Samolot Bryza rozbił się w Gdyni Babich Dołach podczas ćwiczeń. Maszyna należała do Brygady Lotnictwa Marynarki Wojennej. Nad lotniskiem ćwiczono manewr lądowania na jednym działającym silniku. W katastrofie zginęły cztery osoby.

Na miejsce wypadku przybyli już prokuratorzy. "Prokuratorzy muszą wykonać szczegółowe oględziny miejsca zdarzenia, zabezpieczą też dowody - w tym przypadku będą to przede wszystkim części samolotu. Prowadzone będą też przesłuchania świadków i analiza dokumentacji zarejestrowanej przy okazji tego lotu" - mówi rzecznik prokuratury ppłk Zbigniew Rzepa.

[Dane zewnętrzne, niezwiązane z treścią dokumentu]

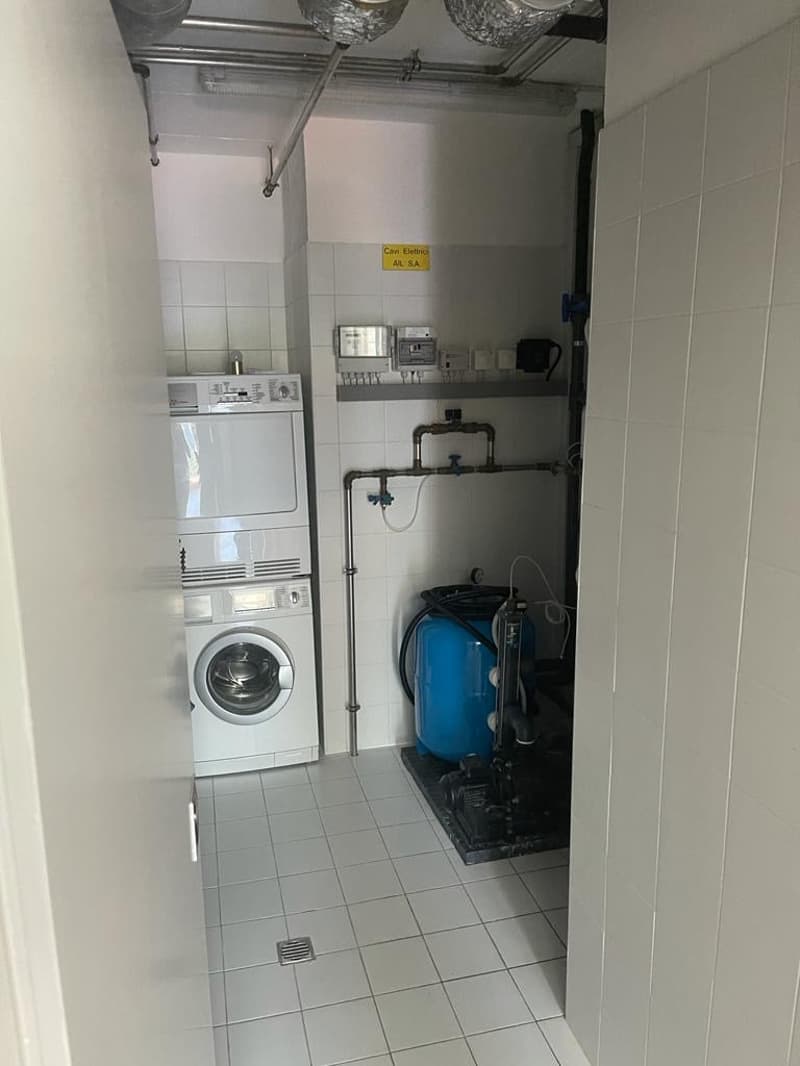 A small, empty utility room with white tiled flooring and walls. It contains a stack of a washing machine and a dryer, and a water tank with a pump system. There is a yellow sign on the wall and a metal pipe on the wall.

>>>Pilot transportowca tłumaczy DZIENNIKOWI, jak latać na Bryzach

Prace mające wyjaśnić przyczyny katastrofy prowadzi też Wojskowa Komisja Badania Wypadków Lotniczych. Rzecznik prasowy dowódcy Marynarki Wojennej, kmdr por. Bartosz Zajda zapowiedział, że w środę Marynarka Wojenna postara się udzielić informacji na temat czteroosobowej załogi. Marynarka do tej pory nie podała do wiadomości danych personalnych ofiar.

Żałoba w Gdyni

Tymczasem prezydent Gdyni Wojciech Szczurek ogłosił w mieście trzydniową żałobę w związku z katastrofą. Na znak żałoby na gmachu urzędu miasta flagi zostały spuszczone do połowy masztu.

"Prezydent apeluje do organizatorów imprez, by uwzględnili nastrój chwili i zrezygnowali w tym czasie z rozrywkowego charakteru przygotowywanych wydarzeń" - poinformowało biuro prasowe Urzędu Miejskiego w Gdyni.